Court Says Death from Blood Clot not Accidental

October 5, 2006 ( - The US District Court for the Eastern District of Missouri ruled that the beneficiaries of a man who died from blood clots that formed in his legs during an airplane flight are not entitled to $1.1 million in benefits because the death was not accidental.

In her opinion, US District Judge Audrey Fleissig wrote that the death of Anheuser-Busch Co. employee Terry McAuley was not caused by an accident, as defined by the coverage clause in his insurance policies.

While traveling home on a business trip from Dublin, Ireland to St. Louis, Missouri, McAuley developed blood clots in his legs and died the next day. McAuley was covered by two Employee Retirement Income Security Act (ERISA)-governed insurance policies issued by Federal Insurance Co., the defendant in the case.

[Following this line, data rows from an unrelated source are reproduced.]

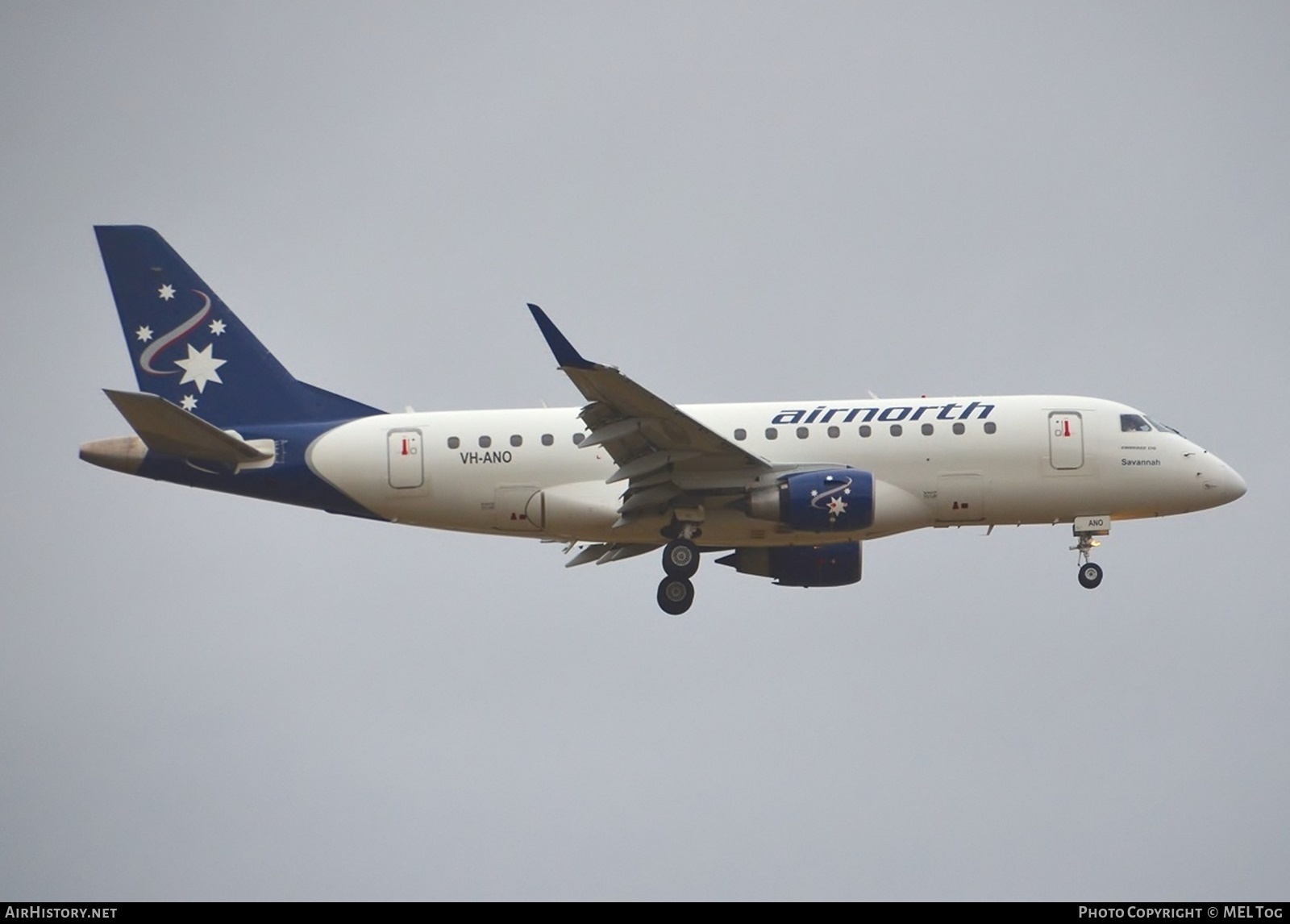 Aircraft Photo of VH-ANO | Embraer 170LR (ERJ-170-100LR) | Air North | AirHistory.net #580156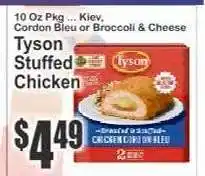 Key Food Tyson Stuffed Chicken offer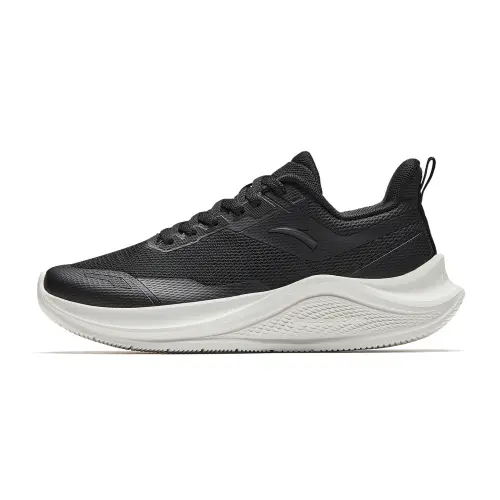 Anta Fabric Low top Running Shoes Women's Basic Black/Ivory White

McAuley’s beneficiaries contended that his death was accidental in that it was a sudden and an unexpected occurrence that happened as a result of the airplane flight. Federal Insurance rejected the claim, arguing that McAuley’s death was excluded from coverage because it had been caused by “disease, illness or bodily malfunction.”

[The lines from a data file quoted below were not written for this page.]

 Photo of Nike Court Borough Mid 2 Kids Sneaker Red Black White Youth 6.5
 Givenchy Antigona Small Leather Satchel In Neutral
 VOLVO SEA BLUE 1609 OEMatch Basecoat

Fleissig sided with Federal Insurance, because its policy states that an accident includes “unavoidable exposure to elements arising from all circumstances to which the insured may be exposed,” and McAuley’s death did not meet those requirements. The judge found, instead, that McAuley’s death was the outcome of an unfortunate, unforeseen result of a normal occurrence.

The case is McAuley v. Federal Insurance Co., E.D. Mo., No. 4:05CV01826 AGF, 9/27/06.